Kiranya rumah tak henti lantunkan ayat penuh pengharapan. Ketika langit masih gantungkan segala cobaan. Dan saat ramadan kembali menyapa, semua pintu terbuka untuk jalan bahagia. Tak ada kata selain kesyukuran pada-Nya. Meski ruang hampa terhampar di depan mata. Pun badai wabah masih meraja.
Bagaimana tidak, inilah yang kini dirasakan manusia. Saat tak bisa menginjak rumah ibadah. Pun bersilaturahmi menuai berkah. Tentu rumah menjadi tempat berlindung paling nyaman. Di mana semua aktifitas bisa berjalan dengan aman.
Yang bekerja, sekolah, bahkan menjalankan usaha. Sebisa mungkin dialihkan di dalam rumah. Berkomunikasi pun menggunakan teknologi masa kini. Kiranya dijadikan sebagai alternatif solusi. Semua demi wabah agar segera terhenti.
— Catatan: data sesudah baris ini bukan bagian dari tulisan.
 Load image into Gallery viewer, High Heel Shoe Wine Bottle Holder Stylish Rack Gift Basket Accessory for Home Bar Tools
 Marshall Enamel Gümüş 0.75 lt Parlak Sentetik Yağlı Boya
Inilah hikmah dibalik terjadinya musibah. Bahkan ritual ibadah pun dipusatkan di rumah. Meski suasana ramadan tak lagi seperti biasa. Yang mana disambut dengan keramaian suka. Pun keriuhan saat menjelang berbuka. Tetiba harus menguntai jejak ramadan dengan balutan penuh makna sederhana. Yang dilakukan di rumah saja.
Barangkali ini bagian dari kenyataan. Agar manusia tak terjebak dalam sehampar kemewahan. Menyigi harapan ramadan penuh pengampunan. Hingga memberi penerang meski tak seindah yang pernah dikenang.
Kiranya manusia wajib menyambut dengan sebentuk kesyukuran. Pun hadapi kenyataan dengan tangan penuh kebajikan. Ramadan kali ini sungguh menuai banyak pelajaran.
Di tengah wabah pun musibah. Kiranya terhampar hikmah. Saat rumah menjadi pusat ibadah. Yakin ramadan kali ini terasa indah. Dan pastikan tetap tinggal di dalam rumah. Hingga alam kembali tersenyum ramah.